A Blog by Jonathan Low

 

Feb 11, 2016

Big Data and Analytical Anarchy

Data springs from a base of prior knowledge. The key is recognizing the context - and the connection. JL

Rebecca Blumenstein interviews Hilary Mason and Andreas Weigend in the Wall Street Journal:

One of the common fallacies is that data is opposed to intuition.Data is a tool for enhancing intuition.
Big data has launched a boom industry in data analytics and science. To find out where this revolution is headed and how companies can get a competitive advantage, The Wall Street Journal’s Rebecca Blumenstein spoke with Hilary Mason, chief executive and founder of Fast Forward Labs and former chief scientist at Bitly, and Andreas Weigend, director of the Social Data Lab and former chief scientist at Amazon.com Inc. Here are edited excerpts of the discussion.
The big missteps
MS. BLUMENSTEIN: What are some of the biggest misunderstandings about data?
MS. MASON: Often people think that individual data is the most valuable thing they can collect. But it’s not useful to know what I am doing or where I am, unless you’re particularly interested in me, which is weird. But it is very useful to know what a population of people are doing.
On the implementation side, one of the common mistakes is to think of their data as a liability, as something that can only go wrong. It leads to a defensive attitude.MS. BLUMENSTEIN: There’s a lot of talk of transparency, that the CIO role has shifted from protecting data to sharing it. Andreas, you had a good example, a top executive.
Hilary Mason describes how data helped a business owner discover customers he had previously overlooked.
Andreas Weigend discusses whether there are political influences on credit scores available online in China.
MR. WEIGEND: He opened up all of his inbox and outbox for anybody within the [company] domain.
Two things happened. From one day to the next, all the bickering stopped. And those people he was thinking, “How do I get rid of them?” They left.
And people were more interested in his outbox than his inbox.
MS. BLUMENSTEIN: What companies are making data transparent internally?
MS. MASON: The big tech companies do this well. They have the infrastructure in place to collect and count whatever they like in that data, and that’s generally available widely. But I’m more interested in the companies you would not think about.
We work with an insurance company that has put a ton of time and energy into taking information about customers.
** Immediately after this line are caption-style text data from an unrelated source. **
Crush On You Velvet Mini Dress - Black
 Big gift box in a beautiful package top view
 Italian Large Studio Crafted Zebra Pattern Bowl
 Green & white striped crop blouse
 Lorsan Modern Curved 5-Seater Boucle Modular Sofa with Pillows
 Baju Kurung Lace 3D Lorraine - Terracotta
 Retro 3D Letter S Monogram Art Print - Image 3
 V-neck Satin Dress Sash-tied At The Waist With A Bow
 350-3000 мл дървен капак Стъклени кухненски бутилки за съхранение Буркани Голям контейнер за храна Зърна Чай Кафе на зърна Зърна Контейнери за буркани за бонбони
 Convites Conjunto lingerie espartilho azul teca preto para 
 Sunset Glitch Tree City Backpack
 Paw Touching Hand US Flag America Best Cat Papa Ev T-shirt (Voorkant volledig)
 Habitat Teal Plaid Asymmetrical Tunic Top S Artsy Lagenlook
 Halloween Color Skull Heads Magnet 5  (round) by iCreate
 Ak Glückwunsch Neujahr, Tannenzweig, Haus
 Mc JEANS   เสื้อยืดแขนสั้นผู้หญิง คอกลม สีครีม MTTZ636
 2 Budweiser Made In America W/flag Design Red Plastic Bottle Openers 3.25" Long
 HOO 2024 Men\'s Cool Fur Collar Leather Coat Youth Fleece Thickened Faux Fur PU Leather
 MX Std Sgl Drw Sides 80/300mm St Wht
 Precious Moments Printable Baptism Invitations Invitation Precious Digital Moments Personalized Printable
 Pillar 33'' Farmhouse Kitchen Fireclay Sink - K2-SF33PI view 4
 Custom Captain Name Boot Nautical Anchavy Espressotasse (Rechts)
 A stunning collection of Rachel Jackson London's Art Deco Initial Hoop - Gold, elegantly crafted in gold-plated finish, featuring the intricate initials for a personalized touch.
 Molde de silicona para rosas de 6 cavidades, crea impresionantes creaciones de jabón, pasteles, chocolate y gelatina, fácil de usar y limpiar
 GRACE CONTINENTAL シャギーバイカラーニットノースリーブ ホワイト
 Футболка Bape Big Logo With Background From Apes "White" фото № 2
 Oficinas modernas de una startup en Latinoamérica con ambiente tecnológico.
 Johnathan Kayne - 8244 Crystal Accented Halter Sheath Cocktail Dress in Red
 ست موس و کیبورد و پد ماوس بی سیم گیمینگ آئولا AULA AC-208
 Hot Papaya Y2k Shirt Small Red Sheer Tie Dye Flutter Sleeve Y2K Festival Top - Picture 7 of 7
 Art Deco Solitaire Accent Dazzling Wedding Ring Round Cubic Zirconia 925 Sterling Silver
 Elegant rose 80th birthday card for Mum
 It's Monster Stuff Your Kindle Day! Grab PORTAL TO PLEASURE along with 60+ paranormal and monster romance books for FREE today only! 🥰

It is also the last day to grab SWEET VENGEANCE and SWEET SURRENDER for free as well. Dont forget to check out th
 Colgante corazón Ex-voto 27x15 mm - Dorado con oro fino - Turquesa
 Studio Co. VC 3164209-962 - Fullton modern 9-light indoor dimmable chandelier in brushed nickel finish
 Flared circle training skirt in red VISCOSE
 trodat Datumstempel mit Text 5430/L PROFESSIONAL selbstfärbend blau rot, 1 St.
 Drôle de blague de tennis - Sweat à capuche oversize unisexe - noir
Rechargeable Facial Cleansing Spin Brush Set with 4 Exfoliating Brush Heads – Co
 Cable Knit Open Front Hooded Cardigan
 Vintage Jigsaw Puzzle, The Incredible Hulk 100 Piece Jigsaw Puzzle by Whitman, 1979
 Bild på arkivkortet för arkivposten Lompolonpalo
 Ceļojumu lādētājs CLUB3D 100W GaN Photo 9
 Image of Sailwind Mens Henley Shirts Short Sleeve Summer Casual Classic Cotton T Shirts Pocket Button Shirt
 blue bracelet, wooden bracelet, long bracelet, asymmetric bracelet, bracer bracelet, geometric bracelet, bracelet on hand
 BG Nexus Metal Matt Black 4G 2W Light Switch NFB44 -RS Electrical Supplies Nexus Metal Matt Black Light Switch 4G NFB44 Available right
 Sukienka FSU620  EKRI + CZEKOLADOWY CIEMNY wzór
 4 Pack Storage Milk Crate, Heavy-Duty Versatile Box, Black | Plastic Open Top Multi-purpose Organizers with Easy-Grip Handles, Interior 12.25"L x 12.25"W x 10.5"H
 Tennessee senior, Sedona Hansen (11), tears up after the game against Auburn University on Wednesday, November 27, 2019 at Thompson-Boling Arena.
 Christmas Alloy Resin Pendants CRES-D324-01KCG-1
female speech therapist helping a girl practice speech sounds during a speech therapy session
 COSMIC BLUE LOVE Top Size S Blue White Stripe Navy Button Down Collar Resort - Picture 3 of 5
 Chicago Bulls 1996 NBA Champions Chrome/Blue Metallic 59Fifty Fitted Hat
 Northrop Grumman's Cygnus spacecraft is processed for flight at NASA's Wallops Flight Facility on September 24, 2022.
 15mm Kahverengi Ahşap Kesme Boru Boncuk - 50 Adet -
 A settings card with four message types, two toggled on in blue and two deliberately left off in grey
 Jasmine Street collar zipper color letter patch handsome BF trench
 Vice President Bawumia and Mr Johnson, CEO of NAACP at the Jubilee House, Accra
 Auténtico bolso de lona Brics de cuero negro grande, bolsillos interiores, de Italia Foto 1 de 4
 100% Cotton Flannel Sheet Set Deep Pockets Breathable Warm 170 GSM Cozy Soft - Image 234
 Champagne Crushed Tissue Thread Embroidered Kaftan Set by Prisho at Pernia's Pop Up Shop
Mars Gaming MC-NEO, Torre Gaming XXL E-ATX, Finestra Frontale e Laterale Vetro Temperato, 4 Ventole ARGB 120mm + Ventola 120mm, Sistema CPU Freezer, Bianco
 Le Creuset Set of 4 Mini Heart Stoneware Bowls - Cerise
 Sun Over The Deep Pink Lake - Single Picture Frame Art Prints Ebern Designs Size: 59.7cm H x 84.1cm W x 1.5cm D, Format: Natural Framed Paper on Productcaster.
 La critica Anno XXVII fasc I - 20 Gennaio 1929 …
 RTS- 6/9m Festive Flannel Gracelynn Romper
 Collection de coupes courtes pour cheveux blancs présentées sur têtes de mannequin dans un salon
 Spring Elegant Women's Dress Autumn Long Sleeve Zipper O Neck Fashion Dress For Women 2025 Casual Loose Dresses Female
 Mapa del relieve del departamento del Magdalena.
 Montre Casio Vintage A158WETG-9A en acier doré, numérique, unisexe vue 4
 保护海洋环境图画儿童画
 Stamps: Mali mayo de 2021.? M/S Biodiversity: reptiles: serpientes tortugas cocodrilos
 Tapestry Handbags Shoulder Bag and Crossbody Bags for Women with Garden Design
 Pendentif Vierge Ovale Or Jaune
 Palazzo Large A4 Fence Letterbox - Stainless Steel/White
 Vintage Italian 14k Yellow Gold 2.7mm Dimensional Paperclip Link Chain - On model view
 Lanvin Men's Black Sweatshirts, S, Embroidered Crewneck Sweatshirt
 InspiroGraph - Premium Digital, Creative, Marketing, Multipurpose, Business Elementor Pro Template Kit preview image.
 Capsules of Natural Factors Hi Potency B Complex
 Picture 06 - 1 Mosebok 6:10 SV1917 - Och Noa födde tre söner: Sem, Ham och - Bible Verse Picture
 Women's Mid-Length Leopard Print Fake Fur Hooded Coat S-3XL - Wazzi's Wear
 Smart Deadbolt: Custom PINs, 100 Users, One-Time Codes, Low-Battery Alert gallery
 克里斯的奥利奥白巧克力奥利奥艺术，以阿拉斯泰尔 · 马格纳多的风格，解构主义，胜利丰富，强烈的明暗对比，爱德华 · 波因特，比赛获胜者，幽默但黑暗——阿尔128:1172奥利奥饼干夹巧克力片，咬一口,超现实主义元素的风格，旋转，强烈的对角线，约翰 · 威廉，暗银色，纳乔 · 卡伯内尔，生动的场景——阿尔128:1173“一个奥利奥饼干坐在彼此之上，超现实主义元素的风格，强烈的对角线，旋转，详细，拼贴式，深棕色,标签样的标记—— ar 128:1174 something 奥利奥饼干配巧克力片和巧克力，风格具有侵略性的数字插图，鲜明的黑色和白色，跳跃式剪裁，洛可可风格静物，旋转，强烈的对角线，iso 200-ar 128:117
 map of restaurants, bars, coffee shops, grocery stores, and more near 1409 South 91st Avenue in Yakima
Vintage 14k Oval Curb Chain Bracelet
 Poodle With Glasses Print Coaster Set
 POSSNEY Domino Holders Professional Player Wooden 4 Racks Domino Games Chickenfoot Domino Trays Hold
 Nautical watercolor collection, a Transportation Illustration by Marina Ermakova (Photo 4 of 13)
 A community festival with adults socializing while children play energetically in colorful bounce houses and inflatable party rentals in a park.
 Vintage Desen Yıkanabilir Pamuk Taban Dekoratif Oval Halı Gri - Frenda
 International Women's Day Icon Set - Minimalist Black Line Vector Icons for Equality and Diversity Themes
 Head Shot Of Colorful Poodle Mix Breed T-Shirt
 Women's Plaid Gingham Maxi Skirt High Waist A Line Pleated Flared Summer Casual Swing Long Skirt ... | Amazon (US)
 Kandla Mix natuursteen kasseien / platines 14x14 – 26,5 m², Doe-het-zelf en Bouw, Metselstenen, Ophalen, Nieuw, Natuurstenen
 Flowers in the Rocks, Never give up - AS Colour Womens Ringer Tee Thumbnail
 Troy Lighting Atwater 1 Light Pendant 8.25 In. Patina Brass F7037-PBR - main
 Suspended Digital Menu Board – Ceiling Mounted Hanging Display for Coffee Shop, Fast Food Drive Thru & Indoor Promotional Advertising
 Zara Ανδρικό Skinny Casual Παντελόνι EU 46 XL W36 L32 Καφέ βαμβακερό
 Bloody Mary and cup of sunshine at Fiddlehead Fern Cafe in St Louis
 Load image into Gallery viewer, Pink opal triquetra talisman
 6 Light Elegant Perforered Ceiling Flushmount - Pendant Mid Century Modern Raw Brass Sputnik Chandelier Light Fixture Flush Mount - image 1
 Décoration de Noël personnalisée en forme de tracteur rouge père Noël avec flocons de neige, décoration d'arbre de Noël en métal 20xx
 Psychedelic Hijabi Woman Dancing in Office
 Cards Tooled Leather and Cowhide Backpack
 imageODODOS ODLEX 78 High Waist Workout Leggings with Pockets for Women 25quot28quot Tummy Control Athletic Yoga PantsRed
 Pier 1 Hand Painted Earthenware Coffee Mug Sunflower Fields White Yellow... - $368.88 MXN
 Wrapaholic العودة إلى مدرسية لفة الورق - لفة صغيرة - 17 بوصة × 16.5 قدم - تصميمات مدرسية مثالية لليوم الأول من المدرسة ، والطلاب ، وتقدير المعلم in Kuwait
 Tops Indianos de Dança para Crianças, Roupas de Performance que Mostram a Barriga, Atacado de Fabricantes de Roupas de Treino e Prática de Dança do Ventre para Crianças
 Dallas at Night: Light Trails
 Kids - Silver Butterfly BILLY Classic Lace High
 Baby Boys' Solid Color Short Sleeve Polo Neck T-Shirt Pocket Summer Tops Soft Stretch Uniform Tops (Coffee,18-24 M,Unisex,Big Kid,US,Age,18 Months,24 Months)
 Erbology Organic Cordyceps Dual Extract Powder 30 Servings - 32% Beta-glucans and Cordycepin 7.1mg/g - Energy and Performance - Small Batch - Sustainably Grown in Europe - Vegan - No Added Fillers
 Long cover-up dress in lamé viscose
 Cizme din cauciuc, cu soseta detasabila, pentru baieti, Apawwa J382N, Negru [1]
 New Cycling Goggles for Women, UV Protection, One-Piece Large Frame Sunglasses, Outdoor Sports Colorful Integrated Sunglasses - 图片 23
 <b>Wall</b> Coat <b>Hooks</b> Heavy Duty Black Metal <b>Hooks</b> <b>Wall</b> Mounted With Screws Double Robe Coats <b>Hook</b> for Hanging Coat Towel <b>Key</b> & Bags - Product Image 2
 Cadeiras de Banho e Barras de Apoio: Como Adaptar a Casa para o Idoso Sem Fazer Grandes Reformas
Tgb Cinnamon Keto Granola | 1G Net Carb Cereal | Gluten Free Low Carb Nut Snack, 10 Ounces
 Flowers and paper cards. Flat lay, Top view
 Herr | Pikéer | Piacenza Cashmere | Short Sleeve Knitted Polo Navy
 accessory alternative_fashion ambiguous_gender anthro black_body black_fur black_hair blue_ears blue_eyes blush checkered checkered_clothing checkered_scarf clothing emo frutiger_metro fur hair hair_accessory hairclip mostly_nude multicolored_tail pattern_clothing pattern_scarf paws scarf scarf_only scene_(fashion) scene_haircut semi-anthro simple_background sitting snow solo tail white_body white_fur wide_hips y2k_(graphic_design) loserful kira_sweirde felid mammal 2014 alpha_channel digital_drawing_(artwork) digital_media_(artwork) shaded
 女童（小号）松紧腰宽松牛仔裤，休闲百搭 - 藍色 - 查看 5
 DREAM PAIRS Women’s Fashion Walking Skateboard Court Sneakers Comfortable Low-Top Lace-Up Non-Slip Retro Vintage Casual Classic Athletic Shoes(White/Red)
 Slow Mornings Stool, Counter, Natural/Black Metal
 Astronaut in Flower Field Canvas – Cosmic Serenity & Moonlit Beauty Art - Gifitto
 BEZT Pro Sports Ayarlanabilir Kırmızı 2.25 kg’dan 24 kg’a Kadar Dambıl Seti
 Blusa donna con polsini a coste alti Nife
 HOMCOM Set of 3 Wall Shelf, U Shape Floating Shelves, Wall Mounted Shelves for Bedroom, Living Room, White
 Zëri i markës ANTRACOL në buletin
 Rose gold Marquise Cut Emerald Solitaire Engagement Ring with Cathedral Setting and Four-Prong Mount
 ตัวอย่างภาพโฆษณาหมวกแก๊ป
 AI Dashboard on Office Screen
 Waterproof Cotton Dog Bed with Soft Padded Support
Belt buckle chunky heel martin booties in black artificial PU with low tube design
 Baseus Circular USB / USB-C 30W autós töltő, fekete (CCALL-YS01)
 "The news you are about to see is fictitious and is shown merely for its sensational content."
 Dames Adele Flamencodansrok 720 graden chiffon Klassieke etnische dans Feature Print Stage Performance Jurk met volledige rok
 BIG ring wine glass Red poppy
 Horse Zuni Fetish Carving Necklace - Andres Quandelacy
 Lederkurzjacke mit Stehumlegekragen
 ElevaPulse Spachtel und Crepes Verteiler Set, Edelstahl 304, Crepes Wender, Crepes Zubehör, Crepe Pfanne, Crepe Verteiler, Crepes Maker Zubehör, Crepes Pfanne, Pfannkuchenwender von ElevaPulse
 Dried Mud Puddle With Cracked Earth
It used to be that if you wanted to do something with the data and you were not on the data team, you had to fill out a paper form and send it to somebody. A week later, they might send you a report that would also be on paper.
Now you have a tool that anyone can use where they can see these metrics and these dashboards, and they can configure them a little bit themselves. If they need a more complex analysis, then it goes to that team.
This democratization of data access has allowed that organization to become much more data oriented in decision making.
 MS. BLUMENSTEIN: Andreas, you were saying that companies need to radically change their mind-set about the customer relationship.
MR. WEIGEND: The other day I called up [an airline]. It was Ms. Mary I talked to. She told me if I buy a full-price economy ticket, which was quite expensive, I get upgraded to business class. So I bought that ticket, and I show up at the check-in counter, and they seat me in economy.
I said, “They said I would get upgraded.” And they said, “Who?” “Ms. Mary.” “Well, do you want to be on this flight or not?” Ms. Mary, with my frequent-flier number, she has visibility in who I am. Me, all I know is I talked to Ms. Mary. That is a lack of symmetry. I want the history of my conversations available as part of the ticket and not selectively when the airline feels it’s in their advantage to use it.

The role of intuition
MS. BLUMENSTEIN: What are some of the mistakes that you see companies making?
MS. MASON: One of the common fallacies is that data is opposed to intuition.
Data is a tool for enhancing intuition. When I worked at the social-media company, one day the CMO of a frozen-breakfast-sausage brand came into our office. The guy said, “I want to know what may customers do on the social web.” And I said, “Great. So first we’ll figure out who your customers are.”
He said, “I know who my customers are. They’re moms in the Midwest.” I said, “How do you know?” He looked at me like I was crazy. He said, “They’re my customers. I’ve been doing this for years.”
He was not wrong. He had many customers. We didn’t know if they were moms, but they were looking at mom-type things. They were in the Midwest. But he missed a cluster of customers in Texas, and they were into motorcycles and man things. He missed a cluster in the Northwest who were anti food additives [who liked his product because it] did not have these additives.
We were able to show that his intuition was in no way wrong. But he was missing things that were too small to come up on his human radar.